* Supplied records
-*-

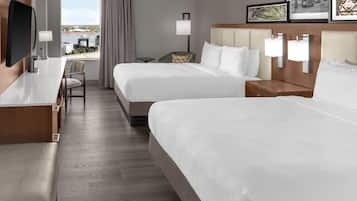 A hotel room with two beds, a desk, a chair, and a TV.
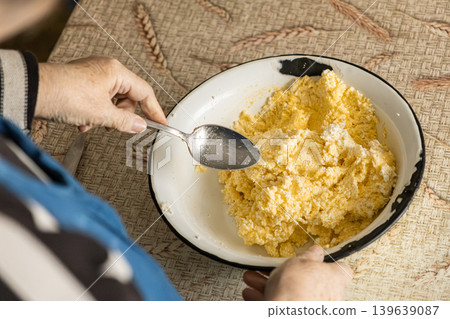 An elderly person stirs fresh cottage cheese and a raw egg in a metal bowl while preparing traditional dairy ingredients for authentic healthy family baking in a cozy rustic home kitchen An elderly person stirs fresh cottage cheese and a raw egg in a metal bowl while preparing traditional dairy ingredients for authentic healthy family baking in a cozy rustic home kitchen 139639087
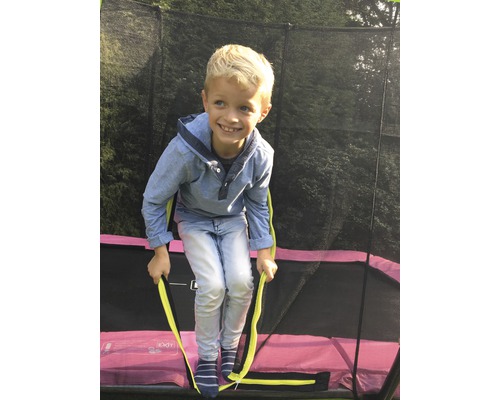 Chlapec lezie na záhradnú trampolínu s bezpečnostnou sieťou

-*-

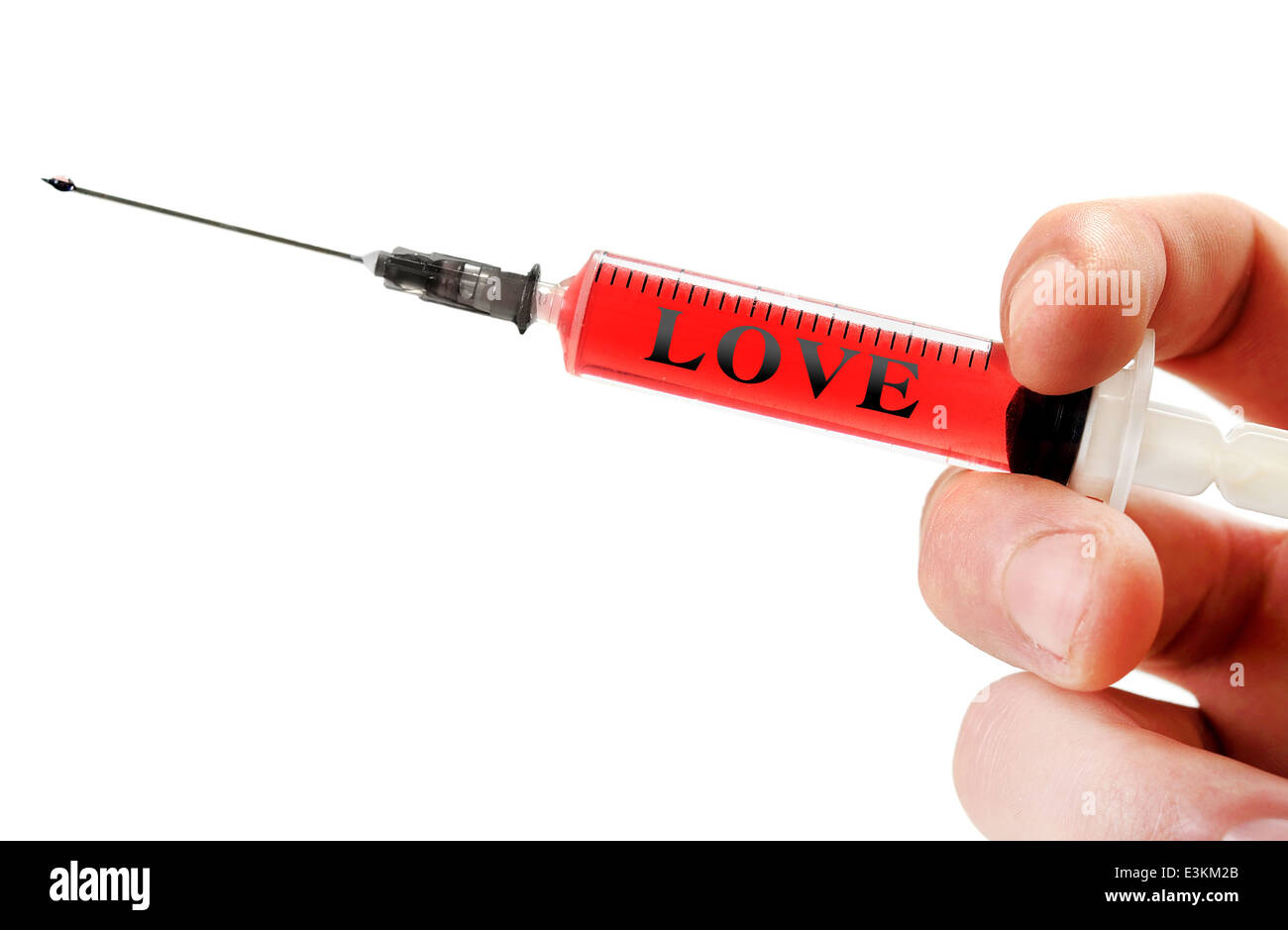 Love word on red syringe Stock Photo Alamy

-*-

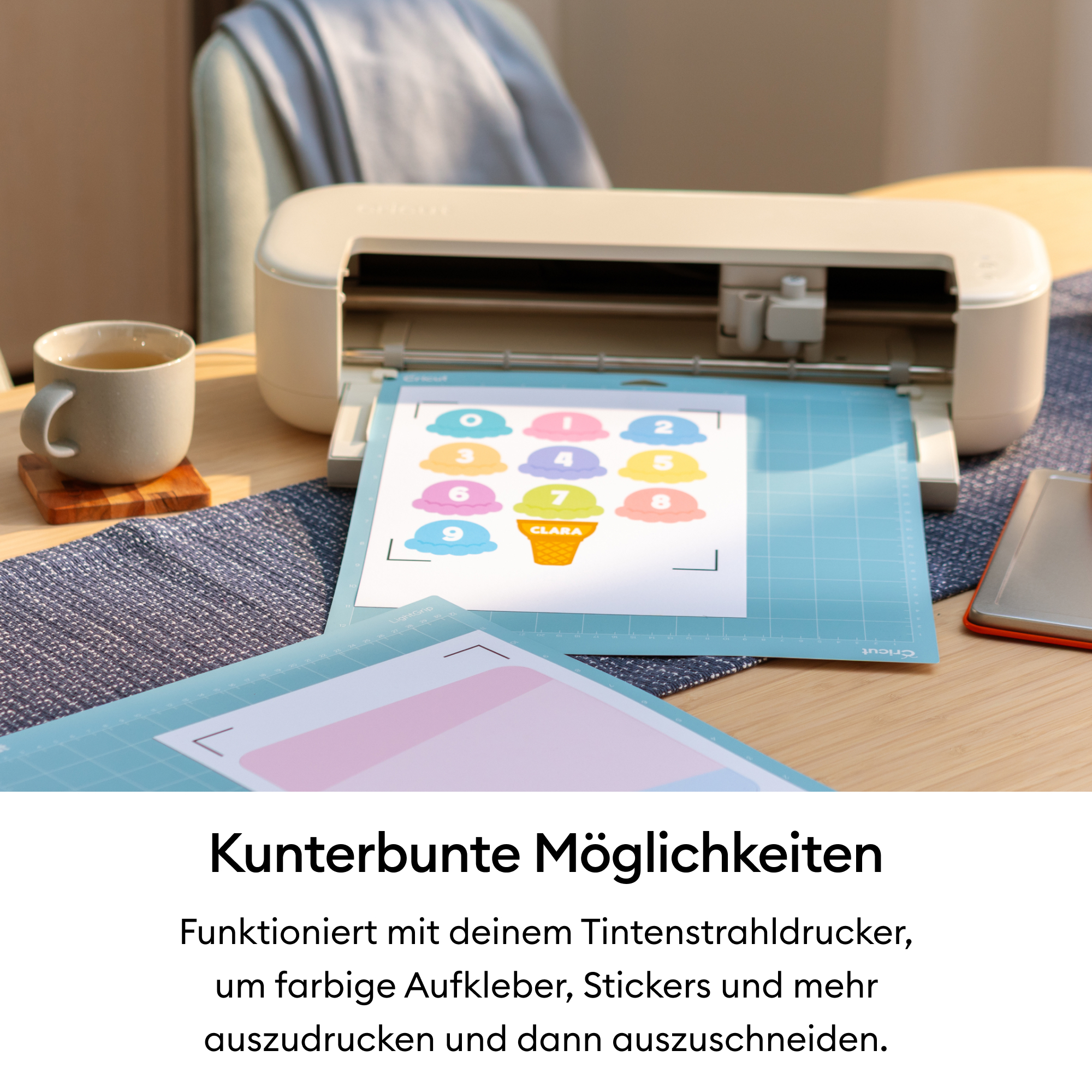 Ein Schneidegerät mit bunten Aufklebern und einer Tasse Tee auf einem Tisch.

-*-

* Work instructions
Leaving out the pictures, please output the lines in the entries above from the one with "A hotel room" through the one with "Chlapec lezie na", exactly as they are.

* The completed task
 A hotel room with two beds, a desk, a chair, and a TV.
 An elderly person stirs fresh cottage cheese and a raw egg in a metal bowl while preparing traditional dairy ingredients for authentic healthy family baking in a cozy rustic home kitchen An elderly person stirs fresh cottage cheese and a raw egg in a metal bowl while preparing traditional dairy ingredients for authentic healthy family baking in a cozy rustic home kitchen 139639087
 Chlapec lezie na záhradnú trampolínu s bezpečnostnou sieťou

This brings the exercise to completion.